Site information
- Type: Military base
- Controlled by: Turkish Navy

Location
- Coordinates: 38°38′02″N 26°46′00″E﻿ / ﻿38.63390°N 26.76677°E

= Foça Naval Base =

Foça Naval Base (Foça Deniz Üssü) is a base of the Turkish Navy on the eastern coast of Aegean Sea, 4.2 km south by south-east of Foça in İzmir Province. The base is home to the Marines (Naval Infantry) for amphibious operations.

At the Foça Naval Base, the Southern Sea Area Command of the Turkish Navy maintains several Marines and Special Operations units.

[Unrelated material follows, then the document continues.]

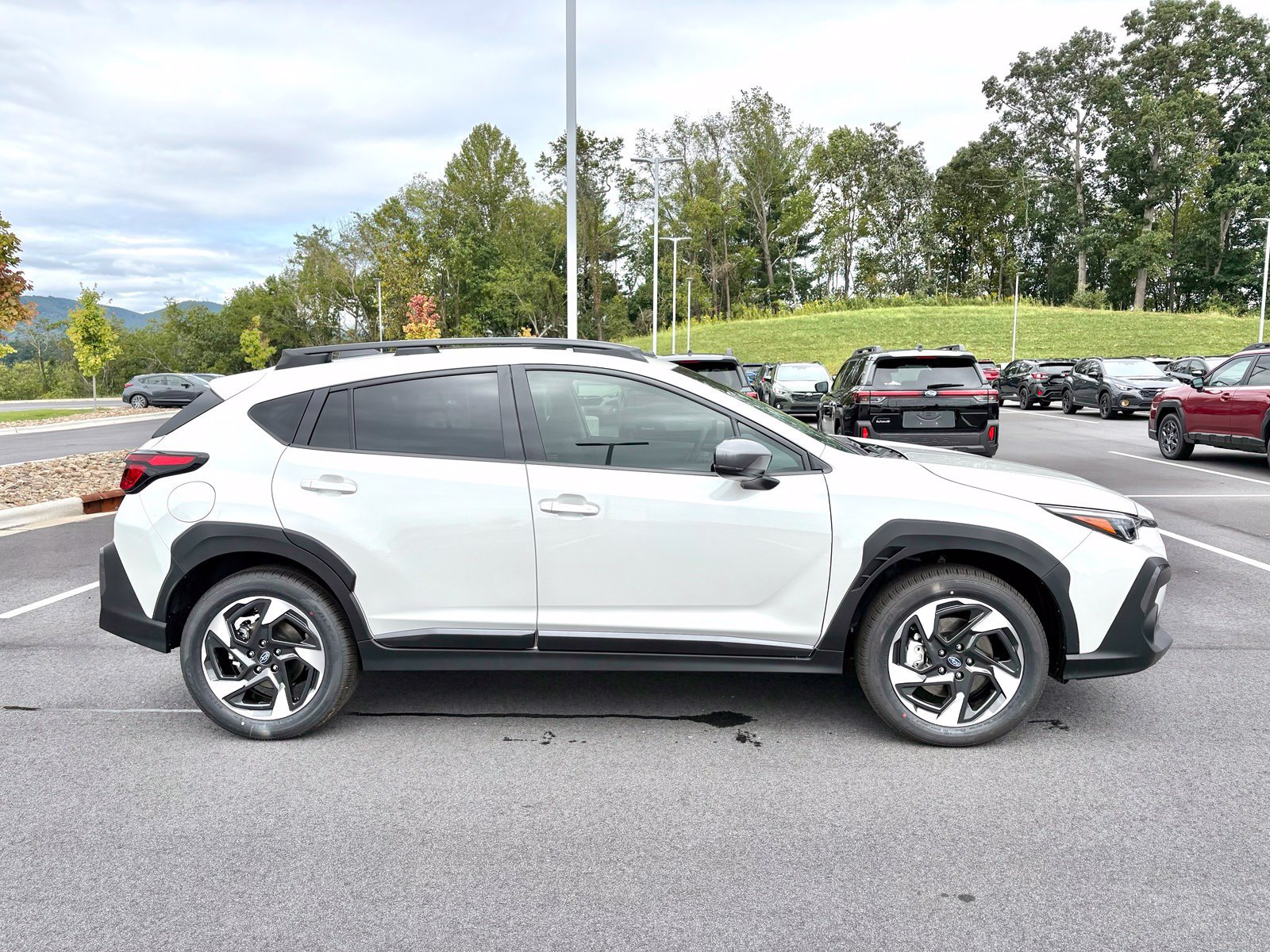 New 2026 Subaru Crosstrek 2.5i Limited w/ Popular Package #3A AWD/4WD image 6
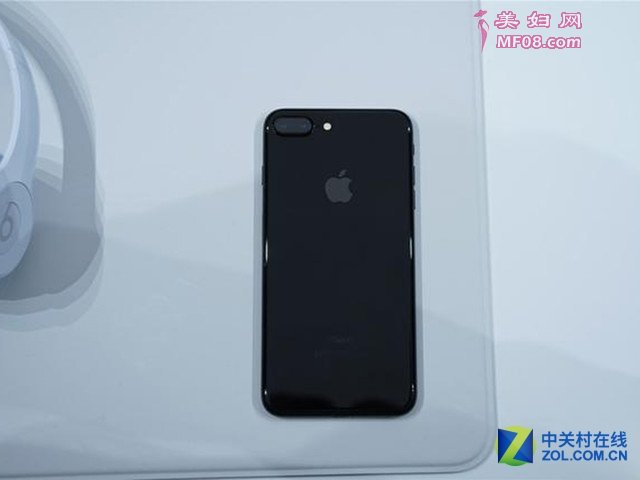 iPhone7ϵֻ洢Ϊ32GB/128GB/256GBȴǰ16GB/64GB/128GB洢Ҳķۼ۷iPhone7 Plusȥ300Ԫȴ˫ͷ͸ǿA10tiSE棬iPhone7ϵоṩڡڡõSESEṩ32GB洢İ汾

- Amphibious Marines Brigade (Amfibi Deniz Piyade Tugayı) consisting of 4,500 men, three amphibious battalions, a main battle tank battalion, an artillery battalion, a support battalion and other company-sized units,
- Underwater Attack Commando Detachment (Su Altı Taarruz} - SAT). The missions of the SAT include the acquisition of military intelligence, amphibious assault, counter-terrorism and VIP protection.
- Underwater Defense Commando Detachment (Su Altı Savunma - SAS)

Homeported vessels are various landing ships and crafts of LST, LCT and LCM.